21.1 Security Context: runAsUser, runAsNonRoot, readOnlyRootFilesystem
Right, let’s talk about the three amigos of Pod security that actually do something useful at runtime: runAsUser, runAsNonRoot, and readOnlyRootFilesystem. This isn’t abstract policy stuff; this is the kernel-level nitty-gritty that stops an attacker who’s already inside your container from doing something truly stupid. Think of this as the final, desperate line of defense after someone has already kicked the front door in.
First, a dose of reality. These settings live in your Pod’s securityContext or container’s securityContext. The Pod-level one sets the default for all containers, but the container-level one overrides it. My advice? Be explicit at the container level. You’ll thank me later when you’re not debugging why one weird container is behaving differently from the other seven in the Pod.
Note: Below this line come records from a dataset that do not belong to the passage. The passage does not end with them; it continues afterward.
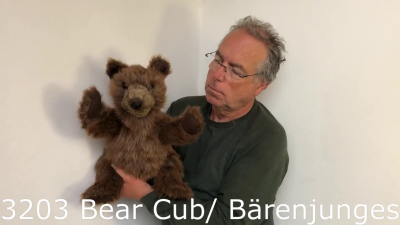 Folkmanis Bear Cub Hand Puppet Demo 2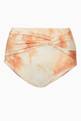 thumbnail of Angela Tie-dye High-waisted Bikini Bottom  #0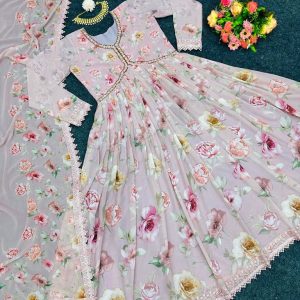 Floral Anarkali Set - Image 5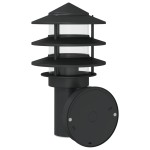 vidaXL Lămpi exterioare de perete cu senzori, 2 buc., negru, oțel inox vidaXL Lămpi exterioare de perete cu senzori, 2 buc., negru, oțel inox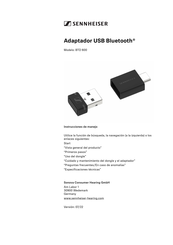 Sennheiser BTD 600 Instrucciones De Manejo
The User ID: runAsUser and runAsNonRoot
Forget usernames for a second. Inside the Linux kernel, processes are owned by a user ID (UID), a number. runAsUser lets you set that number explicitly. The goal? To make sure your container isn’t running as root (UID 0), the superuser with keys to the entire kingdom.
But here’s the first absurdity: by default, if the Dockerfile doesn’t specify a USER, your container runs as root. It’s the equivalent of every new car starting with the key already in the ignition and the doors unlocked. Brilliant.
So, you use runAsNonRoot: true. This is the smart, lazy person’s choice. It tells Kubernetes: “Hey, don’t run this as root, figure it out.” Kubernetes will check the image. If the image specifies a non-root user, it uses that. If it doesn’t, the Pod will fail to start with a glorious “container has runAsNonRoot and image has non-numeric user” error. This is good. It’s forcing you to deal with the problem.
Sometimes, you need more control. You need a specific UID, often for permissions on a mounted volume. That’s where runAsUser comes in.
apiVersion: v1
kind: Pod
metadata:
name: security-context-demo
spec:
containers:
- name: sec-ctx-demo
image: nginx:1.25
securityContext:
runAsUser: 1000 # Explicitly run as UID 1000
runAsNonRoot: true # This is now redundant but harmless
Pitfall Alert: Just setting runAsUser: 1000 does not magically make that user exist in the container’s /etc/passwd. This is a huge “gotcha”. Your process runs with UID 1000, but tools like ls -l might show “I have no idea who this is” (a.k.a. I have no name!). This is mostly fine for the kernel, but if your app checks /etc/passwd for a username, it will fail. You need to build that user into your image.
Making the Root Filesystem Read-Only
This is my personal favorite. readOnlyRootFilesystem: true does exactly what it says on the tin. It mounts the container’s root filesystem (/) as read-only. Why is this arguably the most important setting here? Because it neuters a huge class of attacks. An attacker can’t download a binary to /tmp and execute it. They can’t modify your application code. They can’t write to /etc and mess with the system. It’s a beautiful thing.
“But my app needs to write logs!” I hear you cry. Of course it does. This is the part where the designers were at least somewhat sensible.
securityContext:
readOnlyRootFilesystem: true
This setting doesn’t make every filesystem read-only. It only makes the root filesystem (the container image itself) read-only. You can, and absolutely should, mount emptyDir volumes or persistent volumes on directories where the app needs to write—like /logs, /tmp, or whatever your funky application requires.
apiVersion: v1
kind: Pod
metadata:
name: read-only-demo
spec:
containers:
- name: app
image: my-app:latest
securityContext:
runAsNonRoot: true
readOnlyRootFilesystem: true
volumeMounts:
- name: log-volume
mountPath: /logs
- name: tmp-volume
mountPath: /tmp
volumes:
- name: log-volume
emptyDir: {}
- name: tmp-volume
emptyDir: {}
The Rough Edge: Some applications are idiots and try to write to locations you wouldn’t expect. You’ll know you’ve hit this when your container crashes with a “Read-only file system” error. The fix isn’t to disable this setting; it’s to use strace or similar to figure out where the app is trying to write and mount a writable volume there. This forces better, more secure application behavior. It’s a feature, not a bug.
The combination of these three—running as a non-root user, making the root filesystem read-only, and mounting explicit writable volumes—is what moves your container from being a vulnerable workload to a hardened one. It doesn’t make it impenetrable, but it makes an attacker’s life infinitely harder, which is the entire point.